I went to a google@work seminar in Dallas last week. It was mostly a sales pitch for Google’s enterprise services, but there were a few interesting bits such as getting a glimpse of Google’s intranet. Another thing stood out that prompted this post. Part of Google’s pitch is that hierarchical organization is dead. More than that, all hierarchical models of organization are bad. Whether it’s directories on your hard disk, folders on your desktop, folders in your email program, categorical tagging of rss feeds, or topical organization of website contents, it’s all bad, bad, bad. The one true way, they claim, is to dump all your data into a single chaotic mess and “embrace the chaos”. By which they mean, of course, purchase Google Enterprise products and services to search for what you need. After all, how else will you ever find what you’re looking for – your data is now lost in the chaotic mess. Asking a company the specializes in searching unorganized data how to organize your data strikes me as being very like asking the barber if you need a haircut. The answer will profit someone but probably not you.

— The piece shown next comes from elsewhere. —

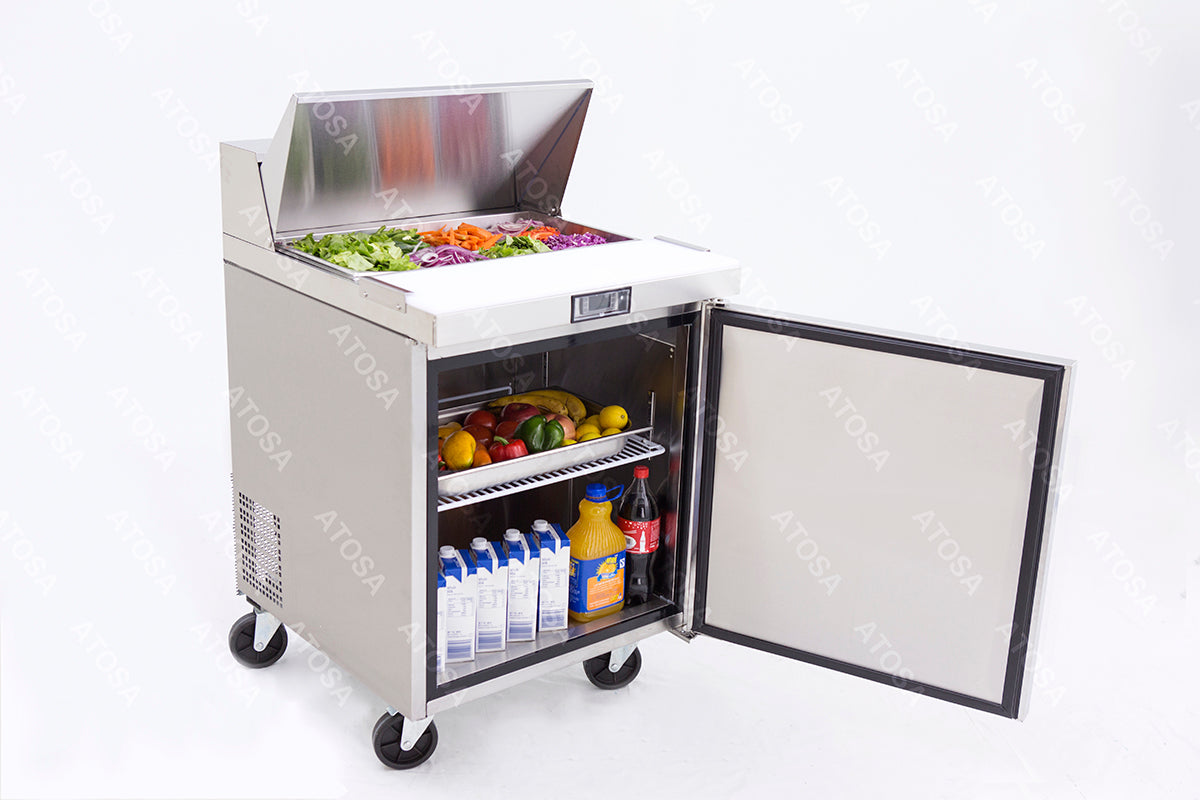 Atosa MSF8301GR 27'' Sandwich Prep. Table with 8 S/S Pans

Somewhere, during the powerpoint presentation, was a frame actually titled “Heirarchical organization is dead” and it was illustrated by a full frame image of the Open Directory Project’s index page. The sad thing is not so much that they used this example, but that it was such a powerful example. It generated a fair amount of laughter from the audience as the Google guy talked about how sites like ODP used to think they could manually categorize the Internet. He asked how many of the 100+ people present used (or were even aware of) ODP or similar directories for finding things on the web; no hands were raised. Then he asked how many people used search engines like Google to find things on the web: all hands raised. More laughter.

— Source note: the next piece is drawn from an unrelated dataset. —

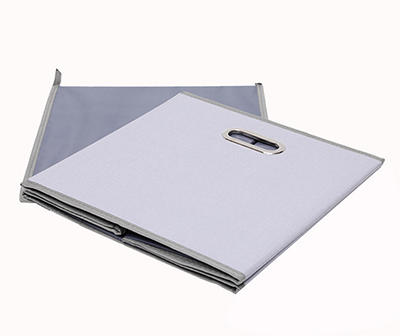 Dorm Essentials Gray Folding Canvas Bin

This is one of two events that recently brought home to me just how dead ODP is. The other was when I tried to log in to my ODP editor account and discovered ODP was down. A little research revealed it had been down for quite a while. Apparently there was a hardware failure back in October of 2006. AOL techs managed to bungle the restore process somehow, resulting in the unrecoverable destruction of large amounts of ODP. Then they discovered they’d forgotten to make backups for the last few years. Oops. Since then, they’ve been slowly reconstructing things. The content itself was salvaged from one of the weekly data dumps but all or most of the editor metadata was lost. Information is scarce as AOL has mostly forgotten about ODP and ODP staff continue to be very secretive about everything that goes on. While a lot of public portions of ODP are back online, a lot of the editor functionality is still down six months later. At least one of the important servers used by the editors is still offline. The really suprising thing is not just that I hadn’t noticed ODP being down but the web as a whole hadn’t noticed. There was a time when ODP being down for weeks would have been front page news on sites like Slashdot. Other than ODP editors and a few obscure SEO blogs, no one noticed it was gone.

While I don’t agree with Google’s conclusion that all heirarchical organization is bad, I think they are right in the case of web directories. It’s simply not a useful or reasonable method of organizing web sites compared to more modern social bookmarking systems like del.icio.us or reddit. It’s an adapt or die world and, sadly, ODP doesn’t seem to be the sort of organization that can adapt to the changes taking place.

I expect ODP will limp along if AOL continues to allow it but I don’t hold out any hope that ODP is ever going to fully return from the dead, I’m still an editor and I will continue to assist them with data integrity checking on the weekly XML data dumps (which have finally resumed again, by the way). However, I’m in the process of working with another editor to migrate the data dump checking process to an ODP server, so it won’t take up my time or energy anymore. I’m also spending far less time on my other ODP-related projects.

Speaking of social information processing, there was an interesting paper published by Kristina Lerman of USC this month on the subject, Social Information Processing in Social News Aggregation (PDF format). The paper looks at the way Digg exploits the power of social information processing to solve the problem of rating aggregated news stories.